Analyzing mutation enrichment in enhancers (contributed by Yifan Wang)
We overlapped somatic point mutations identified from all samples excluding the ones from hypermutable brains with the gene-linked enhancers from brain organoids (see below), from developing human brain (58), and from induced neurons (59). We then tested the enrichment of somatic point mutations from different diseases comparing to controls using Fisher Exact test. Next, we tested the possible function effect of the somatic point mutations within gene-related enhancers regions by analyzing the disruption of transcription factor binding motifs by the mutations. We detected all motifs disrupted by the mutations with a position weight matrix (PWM) similarity score (equation see below) larger than 0.7 (60). We then computed the score change of the somatic point mutations (equation see below). We preserve all the disruption of somatic mutations with a score change larger than 0.5 for the downstream analysis. We then compared the number of motifs disrupted by somatic point mutations from TS, ASD and SCZ samples to control samples with a binomial test taking the total number of somatic point mutations into consideration (Fig. 4B).

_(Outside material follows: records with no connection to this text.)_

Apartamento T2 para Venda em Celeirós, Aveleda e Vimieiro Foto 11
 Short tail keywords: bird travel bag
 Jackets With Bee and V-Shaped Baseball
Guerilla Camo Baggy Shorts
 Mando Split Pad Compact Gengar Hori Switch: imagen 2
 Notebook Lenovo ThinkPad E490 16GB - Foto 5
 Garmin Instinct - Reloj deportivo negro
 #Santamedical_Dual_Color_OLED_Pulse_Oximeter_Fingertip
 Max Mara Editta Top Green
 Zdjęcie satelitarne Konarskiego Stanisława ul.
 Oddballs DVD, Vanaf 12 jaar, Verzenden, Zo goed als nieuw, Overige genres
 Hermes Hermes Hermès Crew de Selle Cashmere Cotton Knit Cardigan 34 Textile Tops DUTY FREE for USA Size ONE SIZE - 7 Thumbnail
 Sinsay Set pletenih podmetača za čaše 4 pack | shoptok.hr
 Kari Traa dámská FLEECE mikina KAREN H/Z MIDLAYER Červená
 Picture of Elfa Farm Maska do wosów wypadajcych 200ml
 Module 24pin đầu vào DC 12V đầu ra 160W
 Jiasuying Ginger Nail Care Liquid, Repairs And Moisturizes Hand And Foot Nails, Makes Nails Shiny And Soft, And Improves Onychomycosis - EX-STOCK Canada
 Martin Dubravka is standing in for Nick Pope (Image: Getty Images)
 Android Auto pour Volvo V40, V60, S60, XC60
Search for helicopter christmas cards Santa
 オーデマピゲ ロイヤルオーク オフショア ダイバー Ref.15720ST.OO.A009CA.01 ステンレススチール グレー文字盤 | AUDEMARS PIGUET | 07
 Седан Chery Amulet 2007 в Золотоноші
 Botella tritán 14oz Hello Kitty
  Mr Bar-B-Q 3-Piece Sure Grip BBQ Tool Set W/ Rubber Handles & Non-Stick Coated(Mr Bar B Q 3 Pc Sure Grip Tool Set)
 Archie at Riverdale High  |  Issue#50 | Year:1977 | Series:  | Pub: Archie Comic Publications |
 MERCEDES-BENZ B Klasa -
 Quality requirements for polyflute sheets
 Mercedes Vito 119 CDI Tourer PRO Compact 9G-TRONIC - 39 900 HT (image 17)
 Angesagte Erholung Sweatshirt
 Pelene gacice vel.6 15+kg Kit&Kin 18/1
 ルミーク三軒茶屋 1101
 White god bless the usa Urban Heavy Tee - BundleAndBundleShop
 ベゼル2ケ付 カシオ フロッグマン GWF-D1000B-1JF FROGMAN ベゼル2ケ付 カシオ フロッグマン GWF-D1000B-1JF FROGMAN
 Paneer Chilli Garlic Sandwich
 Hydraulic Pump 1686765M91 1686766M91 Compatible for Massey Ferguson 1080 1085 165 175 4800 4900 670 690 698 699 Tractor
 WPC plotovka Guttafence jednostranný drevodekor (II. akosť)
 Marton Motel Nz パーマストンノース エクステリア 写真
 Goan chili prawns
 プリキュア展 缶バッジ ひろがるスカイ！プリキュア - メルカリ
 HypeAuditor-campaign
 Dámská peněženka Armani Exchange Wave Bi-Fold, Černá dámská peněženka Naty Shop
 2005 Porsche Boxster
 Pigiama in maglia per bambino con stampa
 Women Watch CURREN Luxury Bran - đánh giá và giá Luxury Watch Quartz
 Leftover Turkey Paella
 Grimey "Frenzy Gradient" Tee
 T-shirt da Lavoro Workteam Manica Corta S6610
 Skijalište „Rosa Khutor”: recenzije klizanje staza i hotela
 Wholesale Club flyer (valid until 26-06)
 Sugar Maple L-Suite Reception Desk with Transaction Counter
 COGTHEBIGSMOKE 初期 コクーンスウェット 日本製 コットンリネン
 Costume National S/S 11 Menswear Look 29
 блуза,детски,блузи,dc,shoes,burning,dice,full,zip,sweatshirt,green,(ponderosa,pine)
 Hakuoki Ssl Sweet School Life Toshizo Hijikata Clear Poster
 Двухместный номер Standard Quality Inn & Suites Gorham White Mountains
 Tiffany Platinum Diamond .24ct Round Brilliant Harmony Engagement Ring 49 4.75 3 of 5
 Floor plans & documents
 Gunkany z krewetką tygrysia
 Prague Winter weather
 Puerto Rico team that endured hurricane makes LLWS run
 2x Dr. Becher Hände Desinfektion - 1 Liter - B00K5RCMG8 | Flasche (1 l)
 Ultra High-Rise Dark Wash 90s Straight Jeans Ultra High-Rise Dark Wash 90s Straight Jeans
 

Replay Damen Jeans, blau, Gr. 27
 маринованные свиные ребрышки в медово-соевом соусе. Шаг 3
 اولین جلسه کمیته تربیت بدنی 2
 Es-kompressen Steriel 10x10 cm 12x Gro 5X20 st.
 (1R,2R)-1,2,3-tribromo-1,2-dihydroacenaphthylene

Method for calling large mutations (contributed by Milovan Suvakov)
To detect large CNVs we used CNVpytor (https://www.biorxiv.org/content/10.1101/2021.01.27.428472v1). CNVpytor imports information about read-depth (RD) from alignment file and information about B-allele frequency BAF based on SNPs from variant (VCF) file. Two-dimensional likelihood function within large bins (e.g., 10 kbp or 100 kbp) is calculated as product of two independent functions based on RD and BAF. For RD likelihood we used gaussian function centered around mean RD value with calculated standard deviation that includes local and global fluctuations. BAF likelihood is calculated as product of symmetrized beta distributions for each SNP. Segmentation of genomic regions with similar RD and BAF is calculated by merging neighboring bins with maximal overlap between two-dimensional likelihood functions. After merging, composite likelihood function is assigned to new segments. Iterations end when there are no additional significant overlaps between two neighboring segments (multiple hypothesis p-val < 0.05). During next phase CNVpytor continues merging not only neighboring segments but segments that are close enough (gap between them is smaller than 1/3 of total length). The tool outputs a list of all significant segments with p-values based on RD and BAF, most likely copy number model (i.e., copy number for each haplotype), and corresponding cell frequency. When cell frequency and size of the event are rather small (cell frequency below 20% and size less or about 100 kbp), multiple copy number models can have a similar likelihood, and CNN-LOH can be confused with deletion or duplication. Additional evidence, such as discordant read pairs for deletions and duplication can confidently resolve event type in such cases.
We ran CNVpytor 1.1 with the following commands:
cnvpytor -root sample.pytor -log sample.log -j 24 -rd sample.cram -T hs37d5.fa -chrom $(seq 1 22) X Y MT cnvpytor -root sample.pytor -log sample.log -his 500 1000 10000 100000 1000000 cnvpytor -root sample.pytor -log sample.log -snp sample.ploidy_2.vcf.gz cnvpytor -root sample.pytor -mask_snps cnvpytor -root sample.pytor -baf 10000 100000 cnvpytor -root sample.pytor -call combined 100000 > sample.2d.100000.txt cnvpytor -root sample.pytor -call combined 10000 > sample.2d.10000.txtFor samples from male brains, we evaluated copy number of X chromosomes by running standard read depth segmentation algorithm using bin size of 10000 bp. The command was as follows: cnvpytor -root sample.pytor -call mosaic 10000 -chrom X -rd_use_mask
For samples from male brains, we evaluated copy number of Y chromosomes by comparing the read depth of with that of a region on X chromosomes using bin size of 1000 bp. The command was as follows:
echo “compare Y X:25M-35M” | cnvpytor -root sample.pytor -view 1000 -rd_use_maskCalling large mutations (contributed by Yifan Wang)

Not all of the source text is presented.